# imperfect humidors?



## bdw1984 (May 6, 2009)

i am looking to purchase a 50-100 ct humidor for my office... it doesnt need to be pretty but it cant be a cooler... i never have people coming into my office but on the rare occasions my boss does come in he prob wouldnt like to see a tupperdor on my desk... i ran across some sites with humidors listed as "imperfect"... all the sites say that there is no structural damge to the humi's, just aesthetic (small scratch, nick, dent, etc.)... i was wondering if anyone has had any experience buying one...


----------



## docruger (Feb 12, 2009)

i would say to check out Tampahumidors.com I have always had luck with them


----------



## AspiringGent (May 15, 2009)

I recently put in an order on an imperfect from tampahumidor. It was definitely the right price. I'll report in when it arrives.


----------



## tx_tuff (Jun 16, 2007)

Go for it! I know people who have done this and never had a problem, in fact they had a hard time finding what was wrong with them.


----------



## Hot Stuff x (Jan 2, 2009)

I have bought a few imperfects (two from cheaphumidors.com and one from tampa humidor). Two of them came through in really excellent condition--you'd have to look hard to find a flaw--and work great. The third (from Tampa Humidor) was a glass top, and it has trouble holding humidity. It had some broken trim pieces, and some trim that was laying in the box and appear to have come off during shipping. 

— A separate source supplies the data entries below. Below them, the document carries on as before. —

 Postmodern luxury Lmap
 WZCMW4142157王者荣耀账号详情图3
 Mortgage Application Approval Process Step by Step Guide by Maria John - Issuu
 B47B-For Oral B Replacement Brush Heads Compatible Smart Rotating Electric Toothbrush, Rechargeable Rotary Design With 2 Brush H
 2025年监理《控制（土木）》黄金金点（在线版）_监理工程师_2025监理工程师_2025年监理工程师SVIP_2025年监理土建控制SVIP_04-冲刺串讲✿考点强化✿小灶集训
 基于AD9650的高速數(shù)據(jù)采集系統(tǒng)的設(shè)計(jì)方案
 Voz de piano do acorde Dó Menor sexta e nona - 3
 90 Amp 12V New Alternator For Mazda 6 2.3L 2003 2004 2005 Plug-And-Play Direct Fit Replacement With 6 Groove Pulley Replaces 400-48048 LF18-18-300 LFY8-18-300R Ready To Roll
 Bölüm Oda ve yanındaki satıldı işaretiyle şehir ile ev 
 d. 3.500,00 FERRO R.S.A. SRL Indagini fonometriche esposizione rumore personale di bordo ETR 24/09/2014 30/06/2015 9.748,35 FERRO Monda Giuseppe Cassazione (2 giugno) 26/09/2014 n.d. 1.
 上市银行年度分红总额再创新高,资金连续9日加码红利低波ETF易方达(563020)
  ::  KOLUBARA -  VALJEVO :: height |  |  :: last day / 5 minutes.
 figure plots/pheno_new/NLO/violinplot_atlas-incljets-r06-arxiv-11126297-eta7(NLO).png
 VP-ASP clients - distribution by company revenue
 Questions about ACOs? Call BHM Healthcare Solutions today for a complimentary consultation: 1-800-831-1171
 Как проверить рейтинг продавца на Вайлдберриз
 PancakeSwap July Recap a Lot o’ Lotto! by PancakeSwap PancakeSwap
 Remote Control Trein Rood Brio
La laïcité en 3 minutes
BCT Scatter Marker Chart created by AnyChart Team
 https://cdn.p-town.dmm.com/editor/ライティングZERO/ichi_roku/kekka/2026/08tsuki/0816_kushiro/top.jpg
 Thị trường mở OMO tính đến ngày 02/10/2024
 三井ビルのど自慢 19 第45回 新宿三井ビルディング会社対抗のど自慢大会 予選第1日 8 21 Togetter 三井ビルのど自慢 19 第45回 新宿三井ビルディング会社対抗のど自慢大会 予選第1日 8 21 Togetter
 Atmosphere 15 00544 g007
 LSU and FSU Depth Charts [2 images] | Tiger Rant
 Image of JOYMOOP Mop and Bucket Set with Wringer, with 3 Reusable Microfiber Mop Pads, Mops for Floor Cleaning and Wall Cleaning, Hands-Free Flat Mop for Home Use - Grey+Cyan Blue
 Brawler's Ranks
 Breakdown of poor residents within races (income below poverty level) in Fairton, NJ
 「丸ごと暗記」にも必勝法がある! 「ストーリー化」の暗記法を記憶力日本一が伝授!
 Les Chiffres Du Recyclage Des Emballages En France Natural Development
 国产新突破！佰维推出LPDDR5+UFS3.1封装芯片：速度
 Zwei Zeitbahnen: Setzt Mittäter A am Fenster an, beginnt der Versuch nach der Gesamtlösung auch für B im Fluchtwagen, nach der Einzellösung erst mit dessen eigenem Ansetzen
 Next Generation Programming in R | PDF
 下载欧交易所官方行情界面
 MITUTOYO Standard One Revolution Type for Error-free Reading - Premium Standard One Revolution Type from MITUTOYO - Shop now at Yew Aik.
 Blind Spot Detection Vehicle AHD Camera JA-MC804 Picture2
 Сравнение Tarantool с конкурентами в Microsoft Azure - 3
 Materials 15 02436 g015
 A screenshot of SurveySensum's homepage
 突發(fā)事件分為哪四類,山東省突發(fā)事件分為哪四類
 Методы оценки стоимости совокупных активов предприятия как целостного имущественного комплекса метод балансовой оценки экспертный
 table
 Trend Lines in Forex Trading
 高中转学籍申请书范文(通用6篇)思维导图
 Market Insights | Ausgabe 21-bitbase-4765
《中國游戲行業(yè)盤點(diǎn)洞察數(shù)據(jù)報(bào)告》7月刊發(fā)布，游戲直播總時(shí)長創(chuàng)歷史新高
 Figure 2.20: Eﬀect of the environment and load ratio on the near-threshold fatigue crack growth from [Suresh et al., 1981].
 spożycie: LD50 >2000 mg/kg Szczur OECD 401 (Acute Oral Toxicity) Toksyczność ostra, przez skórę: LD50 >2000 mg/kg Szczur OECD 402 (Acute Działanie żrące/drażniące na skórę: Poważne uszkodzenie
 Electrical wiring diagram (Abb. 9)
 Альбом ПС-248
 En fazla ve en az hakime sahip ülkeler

Overall, though, I would say it's a good way to go, and don't regret buying an imperfect.


----------



## David M (Mar 11, 2009)

Tampahumidor.com has a good group of sales-people that can give you an honest appraisal of their imperfects on sale.
I bought the humidor you see below and it was also listed as an imperfect.

The reason why it was called imperfect was because the box it was wrapped in had a dent in it. The Box was damaged, not the humidor itself.

Quite often you are simply taking advantage of an issue that these resellers do not want to deal with. Box is damaged, so they dont want to deal with any potential customer complaints that could come about because of it - Call it an Imperfect and void the future issues with one fell swoop.

Talk to the sales guys about what they have in stock in imperfects. Ask them what their take is on the humi and you may get a good assessment.
I would guess that the worst case scenario is that it may have a small nick or scratch or something similar. Small enough that it should not be noticeable.

Waiting a bit for one you like to surface can also be a good idea. I am sure they get shipments weekly or bi-weekly etc...waiting around a bit you might just score the one you are looking for.

Here is a picture of my 'imperfect' 300ct humi which I got for $100.










Imperfects are most often a Great Deal.


----------



## ashmaster (Oct 10, 2008)

I purchased a small imperfect Savoy from Holts a couple of years ago. I still don't know why is was called an imperfect, everything looks great to me. No problem with it what-so-ever.


----------



## DSturg369 (Apr 6, 2008)

I'm with Les on this one. I got my wife an "imperfect" humi a few years ago from Cheap Humidors Cigar Humidor Cigar Accessories CheapHumidors.com and it has worked fantastic since day 1. You can see a pic of it in my User Gallery on here, it's the less ornate one on the left. I've repeatedly looked over this thing since we've.......ummmmmm, I mean since SHE'S** had it and I still can't find what made it an "imperfect". When the time comes to bu another humidor, no matter the size, I'll only go to one place.

** Wife reads the forums sometimes.:biggrin1:


----------



## LibertyToad (Jul 27, 2008)

bdw1984 said:


> i am looking to purchase a 50-100 ct humidor for my office... it doesnt need to be pretty but it cant be a cooler... i never have people coming into my office but on the rare occasions my boss does come in he prob wouldnt like to see a tupperdor on my desk... i ran across some sites with humidors listed as "imperfect"... all the sites say that there is no structural damge to the humi's, just aesthetic (small scratch, nick, dent, etc.)... i was wondering if anyone has had any experience buying one...


I bought an imperfect from CheapHumidors.com. The only thing I could find wrong with it was a very small scratch...on the inside of the box. It holds humidity perfectly.


----------



## Chuckie (Jan 22, 2007)

I got on of the imperfects form Holt's awhile back for $20. A glass top that I really liked but it did not hold humidity as well as i wanted. I have read about sealing the glass and large hygrometer on the front with silcone to help out but i just bought a new one. 

Like others have said, hard to find what was imperfect about it.


----------



## ghost (Jun 8, 2006)

I also just got one from Cheaphumidor.com and am not really sure what is wrong with it to qualify for an "imperfect". 

I am in the process of seasoning it right now and so far no issues (keeping fingers crossed).

DavidM:

Good looking humidor!


----------